Hence malicious cyber activity — particularly in an age of the rapid adoption of artificial intelligence — has become a significant area of concern. Its aim is often all too familiar - espionage and foreign interference, and could extend to critical infrastructure disruption in crises and conflicts.

And while much of the focus remains on the state actors, recent experience stresses the threat from highly organised ideological groups and motivated individuals.

The size of the task facing the sector is formidable — but so is the expertise in our national intelligence community. There are thousands of Australians contributing their working lives to responsibilities they cannot discuss with family and friends, where work to stop something happening may be the most important contribution they ever make.

It is a community in which values matter, and I know from many conversations the intelligence community recognises the demands of national security must be balanced against the values and freedoms that make Australia a vibrant democracy.

Mike Burgess, for example, says that in tackling security threats,


“… it is right we consider civil liberties and keep under review the right mix of powers to protect people’s rights and the safety of the community.”

He argues that, far from being contradictory, protecting security is actually complementary with the right of citizens to privacy.

ASIO, he says, is committed to safeguarding the security of Australians and their liberties — protection from wrongs while securing their rights.

The inherent tension can mean chafing on both sides – citizens worried about privacy, intelligence agencies dealing with restrictions imposed in the name of individual rights and democratic values.

Yet, in my experience, there is widespread recognition of such limits as legitimate, agreement that scrutiny and accountable are necessary democratic checks.

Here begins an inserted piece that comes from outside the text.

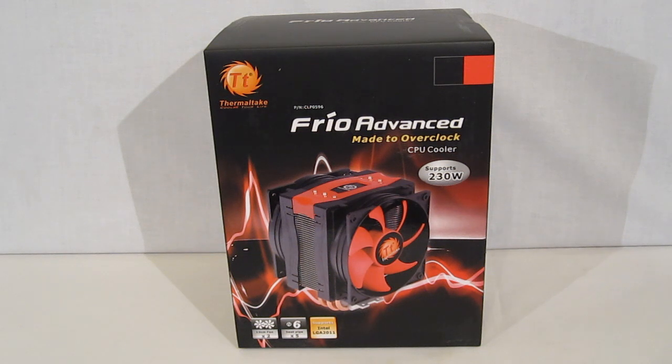This has support and will fit on any of the current Intel or AMD sockets.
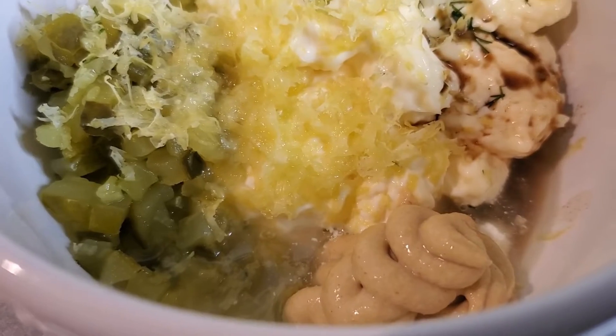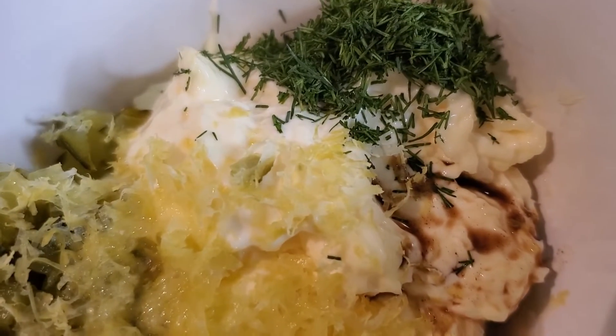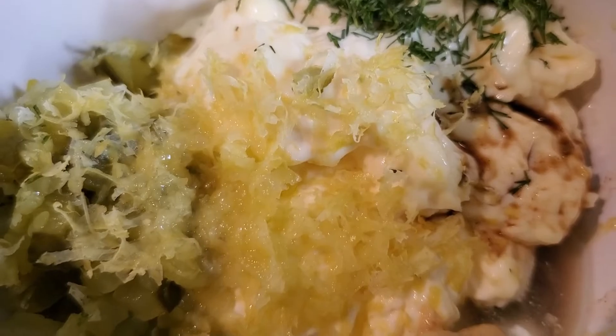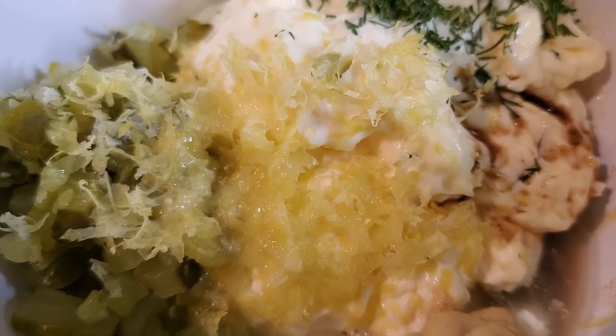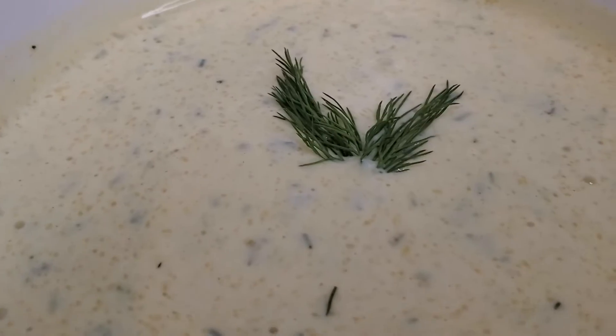I'm making tartar sauce. There we are, about a tablespoon and a half of the Dijon mustard. We've got a full cup of mayo, a good tablespoon of the dill. I've got the zest of the whole lemon but half the lemon of juice, and then I would say about a third of a cup. I'm going to mix it out. There she is.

By the time the next independent intelligence review rolls around, in five years or so, the world and its threats will have changed again. On the track record of the past forty years we can predict the wider intelligence and security will have pivoted to those challenges, as it has through the decades. The tension will remain – but still understood, in the context of the outcome we all want: a safe and secure Australia in which intelligence plays a vital role, with a national intelligence community that lends all its considerable expertise and heft to living and supporting our democratic values.